- _Task details_: Copy word for word the lines of the records below, beginning at the one with "Way six: print" and finishing at the one with "And then the", ends included, but none of the pictures.

[Dataset records]

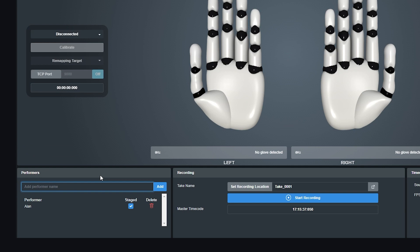When the staged tick box is checked against a performer, that means that this performer is on the stage and when you hit record, their hand data will be captured.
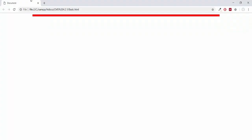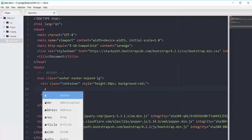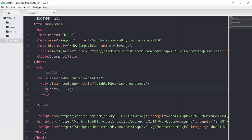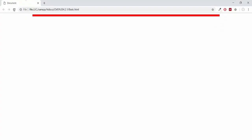That's why I added this container — so we will have a margin on the right and left side. For the brand of our navigation I will add one anchor tag with a Bootstrap class of navbar-brand. For the link I'll use hash for now, and the text will be jazebakram.com as the brand name of our website.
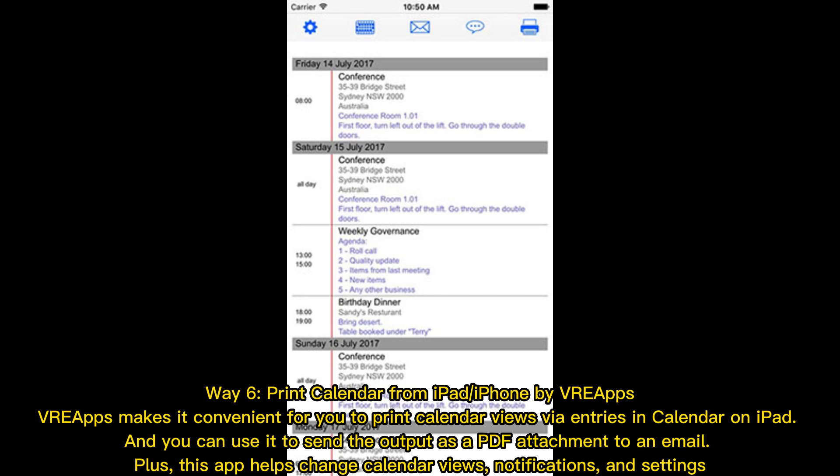Way six: print calendar from iPad or iPhone by vReps. vReps makes it convenient for you to print calendar views via entries in the Calendar app on iPad. You can use it to send the output as a PDF attachment to an email, and this app also helps change calendar views, notifications, and settings.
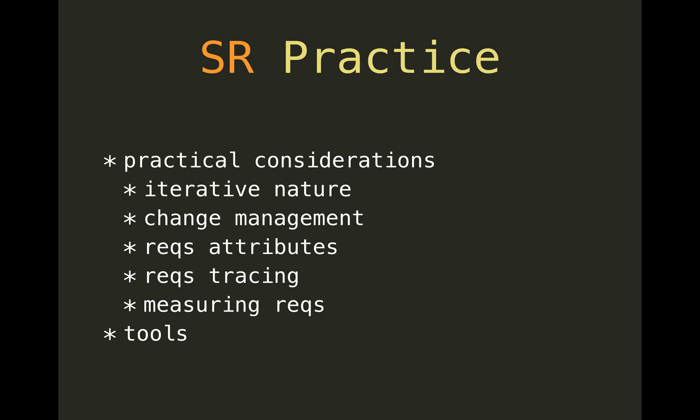And then the last part is practical considerations: not forgetting about the iterative nature of requirements and doing something with change management—not just stating that you are open to change, but also doing things like adjusting configurations on the fly.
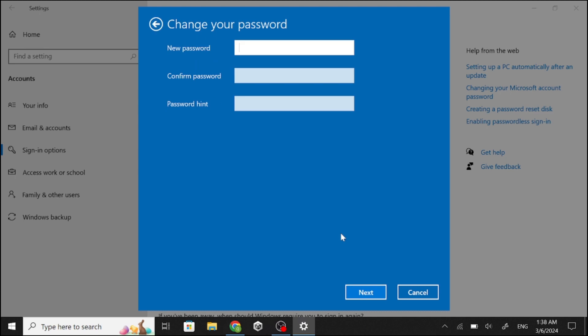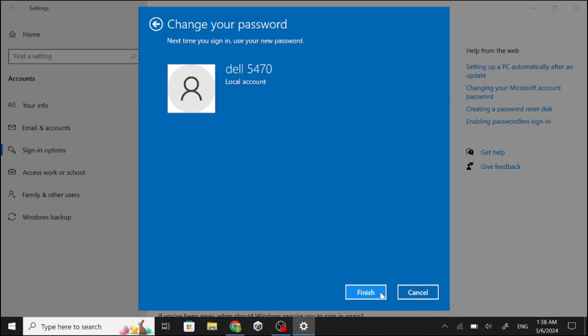Now create your new password here. And click Next. Click Finish.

- _Answer area_:
Way six: print calendar from iPad or iPhone by vReps. vReps makes it convenient for you to print calendar views via entries in the Calendar app on iPad. You can use it to send the output as a PDF attachment to an email, and this app also helps change calendar views, notifications, and settings.
And then the last part is practical considerations: not forgetting about the iterative nature of requirements and doing something with change management—not just stating that you are open to change, but also doing things like adjusting configurations on the fly.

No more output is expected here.